Stakeholders in SPP’s Western Imbalance Service (WEIS) market on Monday unanimously approved its Feb. 1 launch, the last major milestone in a project that began in 2019.

Bruce Rew, SPP’s senior vice president of operations, broke the news during the RTO’s joint quarterly stakeholder briefing, saying the grid operator is “excited” to be operating a power market in the Western Interconnection.

The WEIS Project leadership team, comprising the eight-member Western Markets Executive Committee (WMEC) and representatives from the Western Area Power Administration’s (WAPA) Colorado Missouri and Upper Great Plains West balancing authority areas, met with staff Monday to determine whether to transition from final system testing to a live marketplace.

Following the vote, WAPA tweeted its thanks to customers, stakeholders, SPP, fellow participants and employees “for supporting this monumental effort.”

SPP now joins CAISO in offering a power market in the Western Interconnection.

The vote on the launch had been delayed from Friday after some participants wanted more time to test the WEIS systems’ functions and interfaces.

David Kelley, SPP’s director of seams and tariff services, said last week that staff and stakeholders were trying to “button up some final loose ends.”

“Giving the weekend for some of that to occur would allow for greater confidence in the decision and the vote to take place,” Kelley said on Friday.

Market participants had asked for additional time to see bid-to-bill data with modeling changes they requested, an SPP spokesperson said. That led staff to extend parallel operations, with the WEIS market system running alongside the participants’ current systems, to Jan. 26. Parallel operations had originally been scheduled to end Jan. 14.

Staff has also identified seven “enhancements” that are in yellow status but deemed ready to be addressed after the WEIS market launches.

“We do have plans for those. They’re not problematic,” Customer Relations Manager Don Martin told WEIS stakeholders Friday.

SPP is managing the WEIS market on a contract basis for eight utilities. However, seven of those — Basin Electric Power Cooperative, Deseret Power Electric Cooperative, the Municipal Energy Agency of Nebraska, Tri-State Generation and Transmission Association, and WAPA’s Upper Great Plains West, Rocky Mountain Region and Colorado River Storage Project utilities — have said they are interested in becoming SPP RTO members. (See Western Utilities Eye RTO Membership in SPP.)

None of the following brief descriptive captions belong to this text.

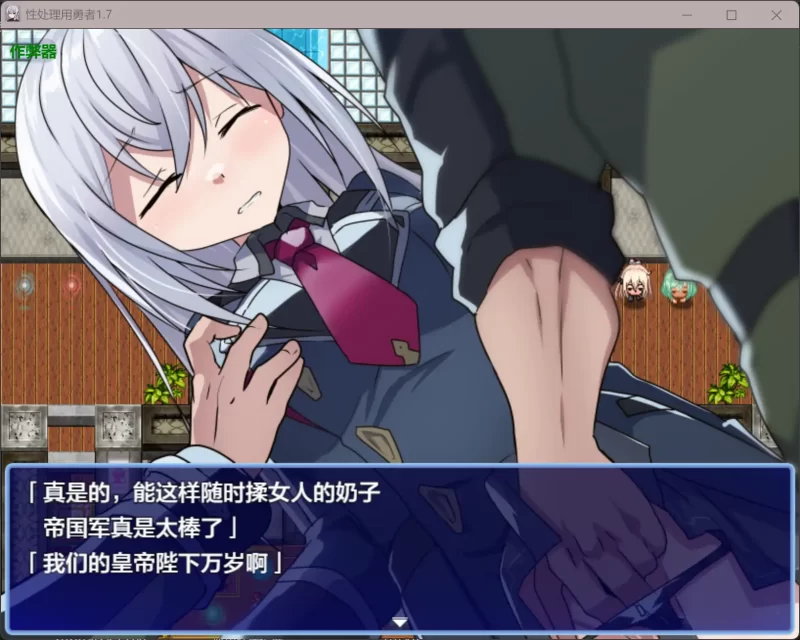 图片[4]-b4085性处理用勇者1.7 AI汉化版【PC+安卓/1.49G】-11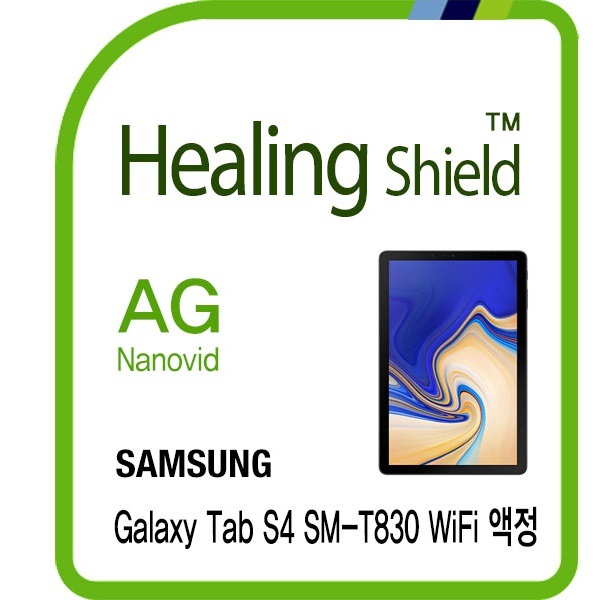 [힐링쉴드]삼성 갤럭시 탭S4 WiFi AG Nanovid 저반사 지문방지 액정보호필름 전면 1매(HS1764592)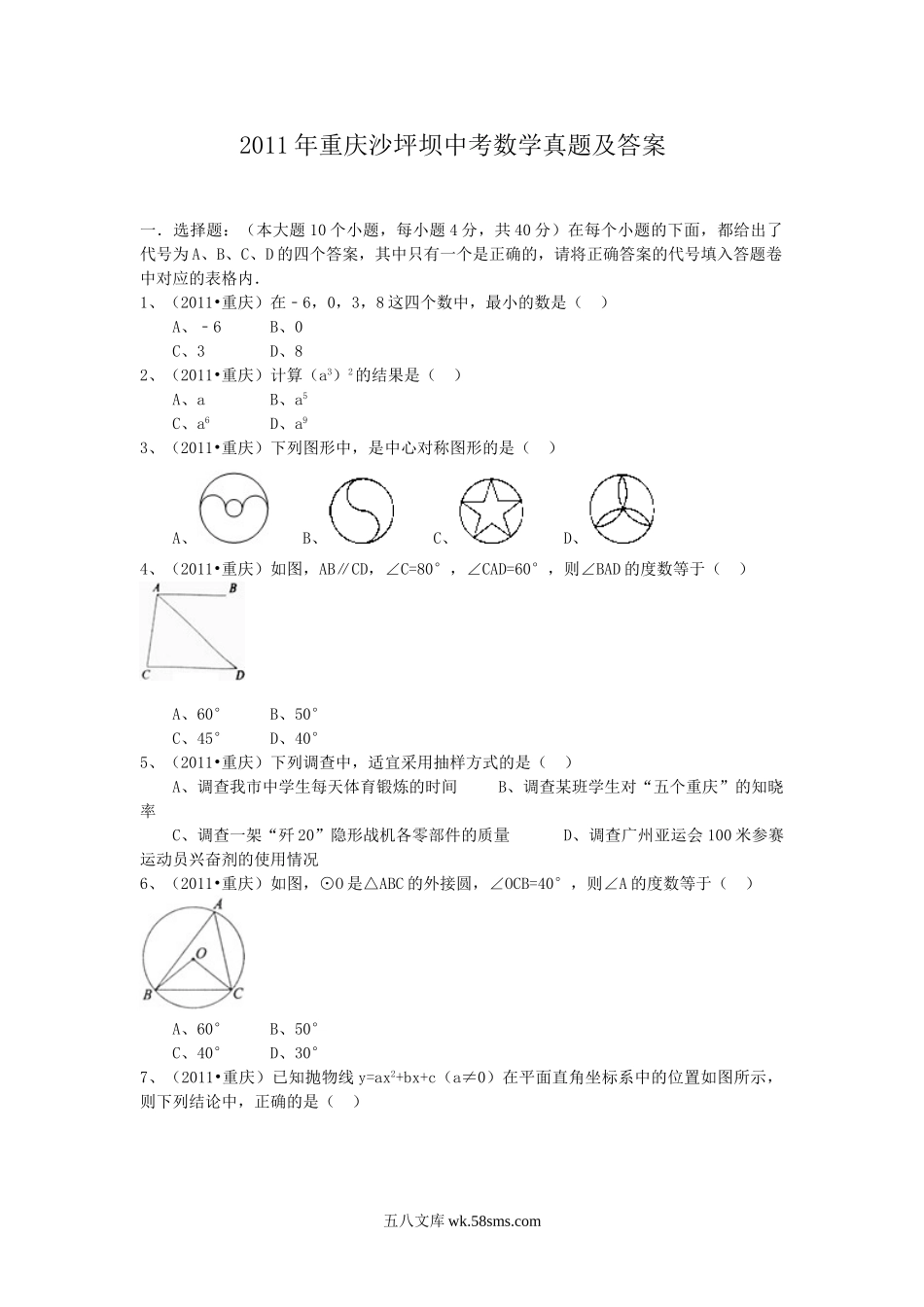 2011年重庆沙坪坝中考数学真题及答案.doc_第1页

SPP also serves as an RC for about 12% of the Western Interconnection. It will add about 3.45 GW of generating capacity to its RC footprint — eight generating resources that are part of Gridforce Energy Management’s BA in Washington, Oregon, Arizona and New Mexico — effective April 1. (See SPP Expands its Western RC Footprint.)

MMU: No Frequent Constraints

SPP’s Market Monitoring Unit told a joint meeting of the WMEC and the Western Markets Working Group (WMWG) Friday that the WEIS market will begin operations without frequently constrained areas (FCAs).

The Monitor analyzed real-time data from Nov. 1, 2019, through Oct. 31, 2020, looking at Western Interconnection constraints monitored by the SPP RC. It found four areas, all in Colorado, with scenarios resulting in at least 100 binding hours.

It defines FCAs as the market footprint areas that both experience high levels of congestion and are associated with one or more pivotal suppliers. It says a supplier is pivotal when some or all of its output is necessary for reliable operations within a defined area.

The Monitor said it will re-evaluate the FCA “designations at least annually.”

Last 3 Open WRRs Approved

The WMWG and WMEC both unanimously approved the final three open revision requests to the WEIS protocols:

      • WRR17: adds documentation to outline how dynamic schedules used to transfer imbalance energy between the market’s balancing authorities will be handled in settlements.
      • WRR18: corrects the real-time loss adjustment factor’s description to accurately reflect its true calculation (“total BA state estimated load without losses/total BA state estimated load with losses”).
      • WRR19: corrects the settlement sign conventions to state that supply imbalance energy is positive and obligation imbalance energy is negative.